EIGHT KEYS FOR GOOD REPORTING:
- A good idea.
To grab attention, you first need an original story to tell. The first thing to do is find THAT ONE good idea, one that other papers won’t have. In the maelstrom that is the world of news, you will often find it by swimming against the tide. So, after being held hostage, Mark Pesos decided to move the head office of the Dosh Bank to an enormous high-security facility that he is having built on the small, tranquil island of Moray? Everyone is focussed on the huge scale of the project, the progress, the enormous changes to the island that it involves? Special correspondents from local and national press are descending on Moray…? But me? I’m going to look at it from a different angle. I’m going to the island to find out how its inhabitants are living with this mammoth building site. I ‘sell’ the plan to my chief editor, who seems pretty excited about it already…
- Good documentation.
So that you are in a position to understand just what it is that you are going to see when you go exploring uncharted territory, you must have at least some idea of what awaits…Yet I know next to nothing about the island of Moray. So, I take the time to research before I head off to meet the island’s inhabitants. If I don’t do this, I run the risk of missing some of the most interesting things when I’m there.

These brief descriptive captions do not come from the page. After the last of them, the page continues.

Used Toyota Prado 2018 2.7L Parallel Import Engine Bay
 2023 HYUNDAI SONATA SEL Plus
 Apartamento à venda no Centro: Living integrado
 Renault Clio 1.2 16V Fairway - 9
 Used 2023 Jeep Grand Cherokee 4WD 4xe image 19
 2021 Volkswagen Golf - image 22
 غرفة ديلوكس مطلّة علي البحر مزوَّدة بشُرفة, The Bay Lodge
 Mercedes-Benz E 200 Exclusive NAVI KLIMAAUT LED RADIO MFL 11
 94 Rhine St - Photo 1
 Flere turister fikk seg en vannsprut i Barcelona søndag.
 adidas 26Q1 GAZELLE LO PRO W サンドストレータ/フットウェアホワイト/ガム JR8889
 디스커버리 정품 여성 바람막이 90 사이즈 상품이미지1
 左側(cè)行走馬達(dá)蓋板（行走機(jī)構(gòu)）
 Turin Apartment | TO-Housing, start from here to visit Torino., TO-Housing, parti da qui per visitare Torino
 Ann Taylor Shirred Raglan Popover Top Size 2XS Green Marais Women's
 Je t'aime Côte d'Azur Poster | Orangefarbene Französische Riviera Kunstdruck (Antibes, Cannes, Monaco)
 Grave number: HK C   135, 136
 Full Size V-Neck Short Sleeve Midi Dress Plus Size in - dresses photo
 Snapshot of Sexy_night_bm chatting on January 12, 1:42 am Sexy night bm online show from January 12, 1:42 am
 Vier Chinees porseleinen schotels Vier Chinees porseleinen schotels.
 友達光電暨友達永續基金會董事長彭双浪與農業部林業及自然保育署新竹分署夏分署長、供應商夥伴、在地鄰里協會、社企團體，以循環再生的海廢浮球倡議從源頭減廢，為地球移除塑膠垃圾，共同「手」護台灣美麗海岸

- Portraits and scenes of daily life.
Reporting is writing about everyday life. I try to get people to talk to me, I track down the chatterboxes, those with the most colourful stories, those in positions of power. I take thousands of notes on what I see and hear, I record my conversations (with my interviewees’ consent); before each interview, I take the time to write down the details of each of my interviewees: first and last name, age, job, eye colour, hair colour, character traits, etc. I also note down any descriptive details that will help me to portray them in action.
- Noises, colours, smells
Reporting is describing the conditions in which people live. All my senses are on high alert. I record noises, colours and scents so I can reproduce them in my story. I will describe each of my characters in their professional environment. My text needs to transport the reader, it needs to make them see, hear and feel all the things that I am seeing, hearing and feeling.
- An angle.
What I see, hear and sense in the field leaves me with one prevailing impression: the inhabitants here are infuriated by this highly polluting building site, their natural environment has deteriorated significantly since the works started. It’s a scoop, given to me by Marine Waterman, the chair of the association of disgruntled islanders. The island’s inhabitants are even preparing to hold a demonstration to express their anger. That’s my angle! And I’ve even got my headline: “Mark Pesos may feel secure, but the Moray islanders are worried”…
- A good opener.
A good idea brought to life through strong characters and told using powerful words makes for good reporting. Marine Waterman gave me what I needed for a good opening in her answers to my questions. She is the chair of the association of disgruntled islanders. I’ll put her in my opening paragraph, starting my story with one of her most telling statements: “life in our small corner of paradise has become a nightmare”. I will then sketch out her profile in a few lines, to set the scene, before adding in her other statements as my story progresses.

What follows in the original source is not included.